First, Mayfield argues that Evidence Code section 623 "creates a conclusive presumption prohibiting [defendants] from contradicting the position articulated in the [first amended complaint]." Mayfield does not, however, identify the "position" to which the presumption is supposed to apply. Evidence Code section 623 prohibits a party from contradicting something that the party has "intentionally and deliberately led another to believe . . . and to act upon." The first amended complaint does not allege facts showing that defendants led Mayfield to believe that it could timely bring an action under section 66020 in August 2005. The first amended complaint does not allege that defendants told Mayfield anything whatsoever about the deadline for filing suit. Consequently, in addition to Mayfields failure to identify the "position" to which the presumption of Evidence Code section 623 is supposed to apply, our own review of the record reveals that the first amended complaint contains no relevant factual allegations to which the presumption could be applied.

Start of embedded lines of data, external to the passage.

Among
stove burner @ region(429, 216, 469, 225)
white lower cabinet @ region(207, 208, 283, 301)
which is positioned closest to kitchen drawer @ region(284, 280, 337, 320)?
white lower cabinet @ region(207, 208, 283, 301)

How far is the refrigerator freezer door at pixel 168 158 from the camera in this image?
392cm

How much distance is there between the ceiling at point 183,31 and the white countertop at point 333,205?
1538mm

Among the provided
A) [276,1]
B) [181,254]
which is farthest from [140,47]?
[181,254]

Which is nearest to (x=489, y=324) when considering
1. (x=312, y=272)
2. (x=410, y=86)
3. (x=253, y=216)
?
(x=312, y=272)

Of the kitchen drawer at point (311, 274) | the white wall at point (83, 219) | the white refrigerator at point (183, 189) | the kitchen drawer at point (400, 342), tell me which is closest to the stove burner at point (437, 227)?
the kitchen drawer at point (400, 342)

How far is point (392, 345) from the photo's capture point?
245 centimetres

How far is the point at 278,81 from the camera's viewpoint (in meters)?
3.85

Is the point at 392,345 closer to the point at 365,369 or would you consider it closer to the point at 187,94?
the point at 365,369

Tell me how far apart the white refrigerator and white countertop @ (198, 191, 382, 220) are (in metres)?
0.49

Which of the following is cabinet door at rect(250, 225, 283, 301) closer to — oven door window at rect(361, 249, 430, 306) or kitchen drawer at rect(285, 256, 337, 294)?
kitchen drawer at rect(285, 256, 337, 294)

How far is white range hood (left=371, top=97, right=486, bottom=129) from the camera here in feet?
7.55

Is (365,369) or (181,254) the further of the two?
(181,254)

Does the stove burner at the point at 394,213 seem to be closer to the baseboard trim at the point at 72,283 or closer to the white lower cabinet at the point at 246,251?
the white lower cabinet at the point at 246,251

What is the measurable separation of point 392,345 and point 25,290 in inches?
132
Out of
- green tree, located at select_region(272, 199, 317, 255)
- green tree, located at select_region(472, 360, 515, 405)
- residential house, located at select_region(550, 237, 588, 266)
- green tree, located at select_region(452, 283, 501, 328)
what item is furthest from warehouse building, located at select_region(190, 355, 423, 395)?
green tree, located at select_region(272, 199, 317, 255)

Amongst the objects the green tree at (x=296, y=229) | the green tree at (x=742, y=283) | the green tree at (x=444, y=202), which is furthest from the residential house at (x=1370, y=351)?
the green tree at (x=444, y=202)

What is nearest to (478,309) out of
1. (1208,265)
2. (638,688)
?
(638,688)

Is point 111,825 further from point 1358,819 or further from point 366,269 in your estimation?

Mayfield also argues that two other presumptions apply to the allegations concerning timely mailing of Mayfields request for a refund. Those allegations are irrelevant, however, to the trial courts finding that Mayfield did not timely file suit.

Second, Mayfield argues that estoppel should bar defendants from raising the statute of limitations, apparently because (1) defendants informed Mayfield of the 90-day deadline for filing a refund request, (2) defendants allegedly "concealed" from Mayfield the 180-day deadline for filing suit, and (3) defendants gave Mayfield allegedly false assurances that its refund request was being processed. The argument lacks merit. Defendants were under a statutory duty to inform Mayfield of the 90-day deadline, but they had no statutory duty to inform Mayfield of the 180-day deadline. (§ 66020, subd. (d).) There is therefore nothing improper in their disclosure of the one deadline but not the other. Moreover, the first amended complaint alleges no facts showing that defendants "concealed" the 180-day deadline from Mayfield. The 180-day deadline is imposed by statute, and the first amended complaint alleges no facts showing that defendants in any way prohibited, or attempted to prohibit, Mayfield from discovering the deadline on its own. In sum, Mayfields factual allegations cannot support a claim of estoppel.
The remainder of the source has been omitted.